El Gobierno estadounidense ha cerrado sus oficinas y ha mandado a casa a sus funcionarios, salvo a aquellos que están considerados como fundamentales para el mantenimiento de una mínima marcha del país (policías, militares, etc). La oposición a Obama tiene mayoría en el Parlamento y ha impedido la aprobación del gasto público para el último trimestre, lo cual supone en Estados Unidos el cierre automático del tenderete. No es la primera vez que ocurre: la última clausura de los servicios tuvo lugar durante el mandato de Bill Clinton. Algunos analistas españoles sugieren que esta maniobra del Partido Republicano es una pataleta contra la reforma sanitaria de Obama, pataleta ejecutada por unos congresistas republicanos que no son otra cosa que unos francotiradores puros; otros expertos manifiestan su asombro porque este desbarajuste se produzca en el primer país del mundo. «Esto es propio de una república bananera», dicen.

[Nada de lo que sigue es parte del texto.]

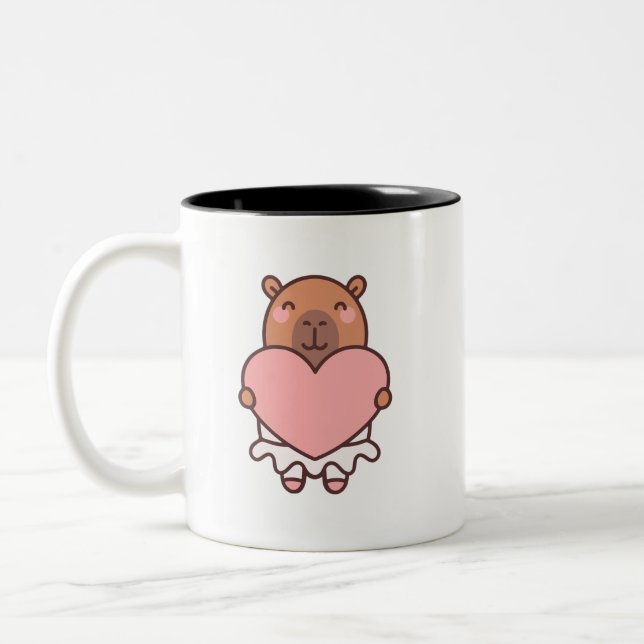 Capybara Two-Tone Coffee Mug (Left)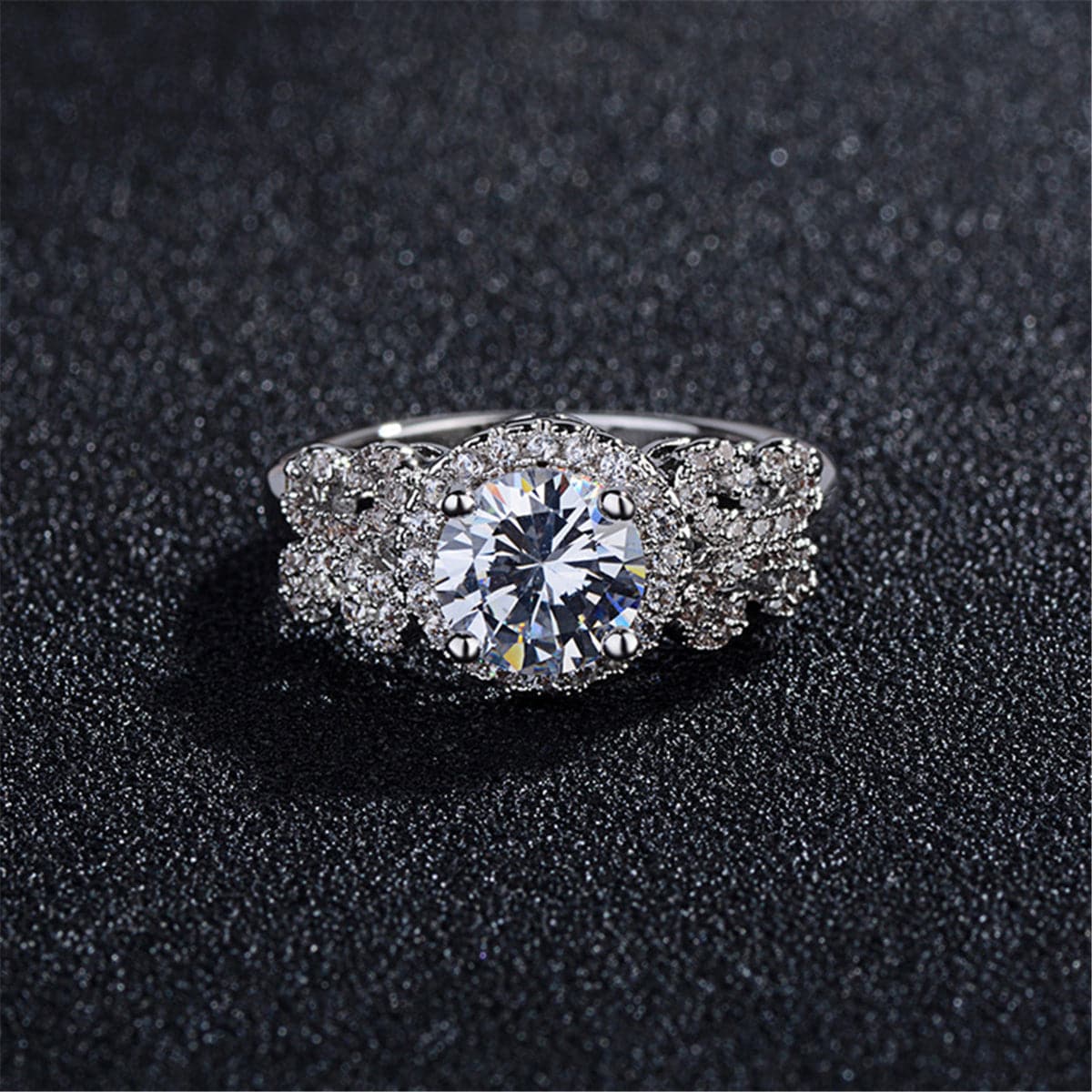 Crystal & cubic zirconia Hola Eternity Ring - streetregion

Sin embargo, determinadas personas piensan que este fenómeno del cierre del servicio público es una prueba de la fortaleza imbatible del sistema representativo estadounidense. Para estos expertos, la fortaleza se manifiesta en dos sentidos: por un lado, la capacidad que tiene la oposición en EEUU (francotiradora o no) para controlar, obstruir y hasta desbaratar la mecánica política del Gobierno es una demostración de equilibrio de poderes y de control del Ejecutivo; y, por el otro lado, el cierre efectivo de las oficinas por problemas de autorización de gasto nos enseña que en algunos países las cosas que deben ocurrir acaban sucediendo, y que la ley se cumple. Si alguien tuviera la mala idea de comparar lo que pasa allí con lo que tenemos en España se encontraría con un resultado sonrojante. En España, para empezar, los mecanismos de vigilancia gubernamental son un galimatías inútil que siempre produce resultados nulos. Las sesiones semanales de control parlamentario al Gobierno consisten en un concurso de eslóganes huecos, destinados al público menos exigente, y jamás conducen a ninguna conclusión tangible. Además, en España las posibilidades reales de que una Administración cierre son inapreciables. El incumplimiento de la norma se ha convertido en norma. Aquí se busca un quórum para aprobar los presupuestos y, si no hay quórum, se prorrogan los presupuestos del año pasado y a vivir. En España, la prórroga de unos presupuestos no conlleva jamás ninguna dimisión de nadie ni desencadena ninguna convocatoria electoral. En realidad, la aprobación de los presupuestos tiene una importancia minúscula porque los presupuestos (sean nuevos o sean prorrogados) no se cumplen nunca, con lo que qué más dará que sea viejo o nuevo lo que se ponga por escrito si no se lleva a la práctica.
Por tanto, y teniendo en cuenta las inconveniencias que el cierre administrativo provoca entre los norteamericanos, podemos decir que este cierre pone sobre la mesa conceptos que a nosotros, por pura comparación, deberían sonrojarnos. En EEUU hay 800.000 funcionarios que desde el lunes están suspendidos de empleo y sueldo y se han quedado en sus casas, y nadie ha dicho ni mu. Si en España cerrásemos de un día para otro una pequeña parte del monstruoso conglomerado administrativo, los empleados públicos organizarían una batalla campal de proporciones homéricas, si se me permite el adjetivo.
Todo esto no quiere decir que a nosotros nos guste que determinados funcionarios se vayan a su casa. Dios me libre. Lo que nos maravilla es que haya unos mecanismos legales establecidos y esos mecanismos se cumplan.